El cubo de Necker tiene dos posibles interpretaciones: un cubo visto desde arriba o desde abajo. Es condenadamente difícil ver las dos a la vez. Tú sabes que están allí, pero cuando miras el dibujo solo ves una de ellas, generalmente la vista desde arriba. Pero basta que mires el dibujo un buen rato para que el cubo flipe a su otra interpretación. Como sucede con la joven y la vieja, o con la vasija y los perfiles, la información que te entra desde los ojos es siempre la misma, pero alguna parte de tu cerebro —eso que tú llamas yo— está oscilando entre dos percepciones, entre dos estados de consciencia. Más aún: con un poco de práctica, tú puedes dar una orden voluntaria a tu córtex visual para que te presente una imagen o la otra. ¿Qué quiere decir esto?

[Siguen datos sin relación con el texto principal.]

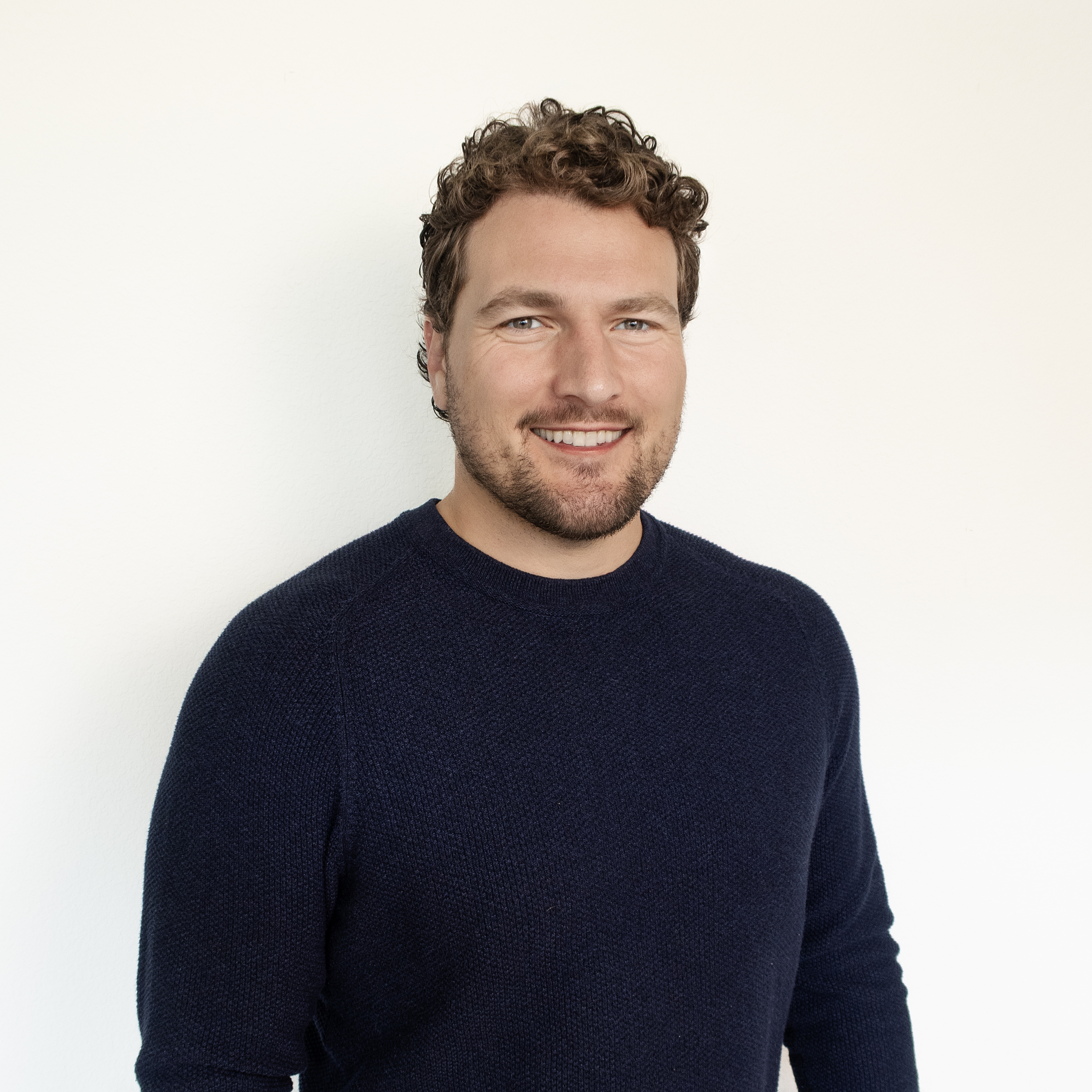 Professional headshot of a smiling man with curly brown hair wearing a dark navy sweater against a white background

Nuestro cuerpo está representado en dos tiras verticales de cerebro, un poco por encima de cada oreja. Es el famoso homúnculo somatosensorial, esa figurilla deforme y horripilante de enorme boca y grandes manazas, en justa proporción a las zonas de la piel que le mandan más información sobre lo que tocan: sobre su textura y su temperatura, sobre su forma, también sobre su capacidad para hacer daño. Como nuestro cuerpo es un objeto situado en el mundo físico, y como su geometría es coherente con las coordenadas del entorno —un delante, un detrás, dos lados con la simetría familiar de los espejos—, el homúnculo somatosensorial es en realidad un mapa del mundo. Representa la realidad tal y como la percibe el sentido del tacto, nuestro contacto físico con las cosas.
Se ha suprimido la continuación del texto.